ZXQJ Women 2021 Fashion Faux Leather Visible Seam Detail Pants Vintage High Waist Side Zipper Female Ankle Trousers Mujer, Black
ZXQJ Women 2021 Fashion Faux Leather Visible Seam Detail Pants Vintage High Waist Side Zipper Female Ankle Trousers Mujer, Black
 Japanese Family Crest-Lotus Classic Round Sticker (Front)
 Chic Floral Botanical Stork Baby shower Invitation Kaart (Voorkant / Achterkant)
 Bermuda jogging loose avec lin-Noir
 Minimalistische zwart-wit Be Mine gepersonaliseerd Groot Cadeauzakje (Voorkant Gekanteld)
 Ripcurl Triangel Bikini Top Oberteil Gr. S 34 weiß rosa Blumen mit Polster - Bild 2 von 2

==

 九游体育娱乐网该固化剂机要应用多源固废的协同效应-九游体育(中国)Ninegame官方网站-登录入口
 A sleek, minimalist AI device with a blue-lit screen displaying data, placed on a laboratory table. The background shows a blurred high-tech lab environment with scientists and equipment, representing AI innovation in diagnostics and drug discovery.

* * *

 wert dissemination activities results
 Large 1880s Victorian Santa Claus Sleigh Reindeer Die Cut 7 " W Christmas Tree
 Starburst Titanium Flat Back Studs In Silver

Task prompt >>
Return only the part of the records above that opens with the line containing "Large 1880s Victorian" and closes with the line containing "Starburst Titanium Flat Back Studs In Silver", ends included.

Answer for the task >>
 Large 1880s Victorian Santa Claus Sleigh Reindeer Die Cut 7 " W Christmas Tree
 Starburst Titanium Flat Back Studs In Silver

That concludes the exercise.